Sreekanth Challam said...

But this is not the first time Maniratnam did this kind of blatant copying old puranas. Dalapathi (except fro some great performances and even greater music) is exact copy of Karna from Maha Bharata. I was very disappointed then and not that disappinted now as I didn't expect anything more. .. hmm let me correct myself here, I did expect great performances from Vikram and Prithvi, obviously not from ABJr and Aish. Mani sir has to first look for alternative talent than AB housememebers and work with a new-age writers for some novel story lines. Also, start looking for a next ARR.,

Sreekanth Challam said...
This comment has been removed by the author.
ShaK said...

@Archu

I guess a lot of the blame also goes to the screenplay. All said and done an actor can never (ideally!) get away with BS unless the director allows it and/or the screenplay demands it. Both of each, as we realize, is counter productive. My suspicion is the same happened here as well. I also know Mani was ill for a long time during the shoot - so maybe that affected his creative process further?

Thanks for the words. :)Nice talking 2 u after a long time!

Cheers,

SK

Maharana Ganesh said...

What made me disappointed is that, I felt, with the betterment of some scenes and some parts, the same movie could have been a far better creation. And how could a genius like Mani Ratnam miss on that?!

Bad acting barring 'Priyamani' made the movie even more awful. Unfortunately only cinematography and music can't save a movie. Yes, I am not quite disappointed by A R Rehman.. who gave two more ever-green songs "Ranjha Ranjha" and "Bahne De"..

ShaK said...

@Sreekanth Challam

Agreed. There is so much beauty being dished out at film school level scripts that its almost appalling what the main stream film makers are creating these days. The veterans need to tap into unexplored talents and I am convinced we can definitely produce much better world class cinema that showcases India in a more realistic light. Saw a short film recently by an FTII diploma films called "When this man dies" as part of the Lensight collection. It was brilliant! I'd definitely recommend it.

Thanks for the words.

Cheers,

SK

ShaK said...

@Ganesh

Nice to see you here mate! Well, as far as I could tell none of the songs were memorable enough to be listed among ARR's finer pieces. I am glad you found some worth in them but as you rightly said, there was so much focus given on how the movie should 'look' that it seeped, rather viciously, into the spine of what Ratnam is most famous for - a water proof narrative. Ironically, given the abundance of water in the movie we can safely assume it was anything but water proof. :)

Thanks for the words!

Cheers,

SK

Ismail said...

Hey good review except few points about AR Rahman. you cant succede unless you do experiments. Behen De and Ranja Ranjha is very good and catchy.

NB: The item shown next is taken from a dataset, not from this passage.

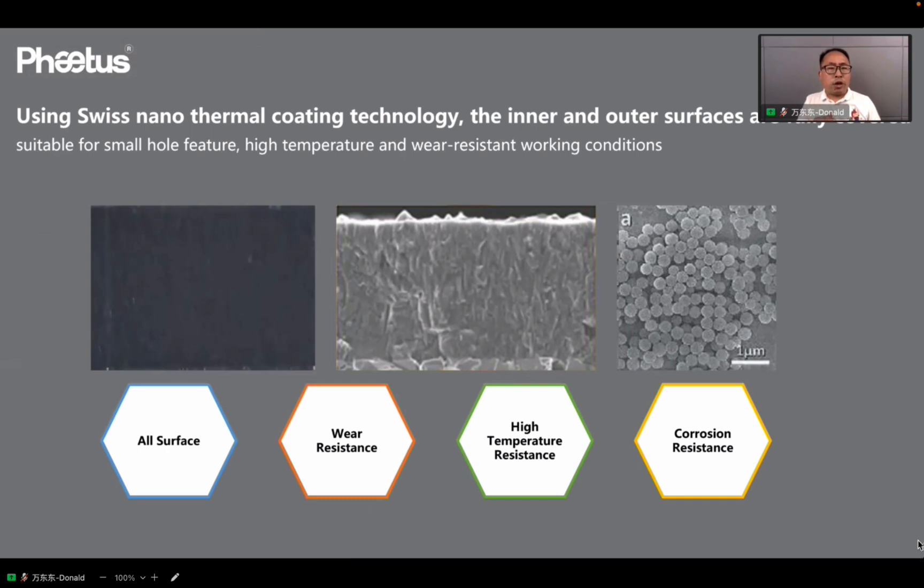The new EndCoat coating uses Swiss nano thermal coating technology, which provides full inner and outer surface coverage. It is suitable for small hole features, high temperature, and wear-resistant working conditions. From the SEM pictures, we can see the EndCoat coating elements are distributed evenly, which makes for better overall performance.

I am not sure Illayaraja should have done anything better..He lost when he was not trying to do experiments with the music. Remmember Geetanjali,Mouna Ragam etc good for certain time. U need to catch up with the changes..


Actually we need some one like "nana Patekar " style acting guy to be as Beera. (BUT NOT NANA PATEKAR him self, his looks r not good for the role)..

but seriously u take u r profession as writing , u have a good future. best of luck mate..

Ismail said...

Hey good review except few points about AR Rahman. you cant succede unless you do experiments. Behen De and Ranja Ranjha is very good and catchy.

I am not sure Illayaraja should have done anything better..He lost when he was not trying to do experiments with the music. Remmember Geetanjali,Mouna Ragam etc good for certain time. U need to catch up with the changes..


Actually we need some one like "nana Patekar " style acting guy to be as Beera. (BUT NOT NANA PATEKAR him self, his looks r not good for the role)..

but seriously u take u r profession as writing , u have a good future. best of luck mate..

ShaK said...

@Ismail

Evidently you found things in the movie you did appreciate. And that is certainly good to know. But I wouldnt necessarily put the songs you mentioned in a list that ARR is known for. We hum songs from Roja even today but I doubt we'd do the same for Raavan's songs 10 months from now - let alone 10 years. A song's quality relies heavily on its lifespan.

Bad casting was definitely a factor. But I feel with a stricter screenplay/directorial whip at play Abhishek could have done more justice to the role. I am reminded of his role in Yuva which, all aspects considered, wasn't all bad.

Thank you for the words. Much appreciated, mate.

Cheers,

SK

thyaagraj said...

nice yaar! can v get aby baby 2 read this review? LOLOL!!!1!

Ismail said...

Hey it's me again..Any chance u will be doing Vedam review?

Cheers,

Nag said...

I am seeing so many people are saying Raavan is not at all good. But I have seen the movie. Its not that bad. Screen play was not good. But cinematography and taking is top class. I can say i never this kind of work in any other indian films(of course its my opinion). I just want to say one thing, while reviewing we just need to review all the things about the movie, not just bad things.

sunil said...

Although i havent watched the hindi version, i thought Vikram did a gr8 job of it considering the weak content. Theres no doubt that mani is losin it.We can attribute it to his urge to cater to pan india audience which is not his apt target segment.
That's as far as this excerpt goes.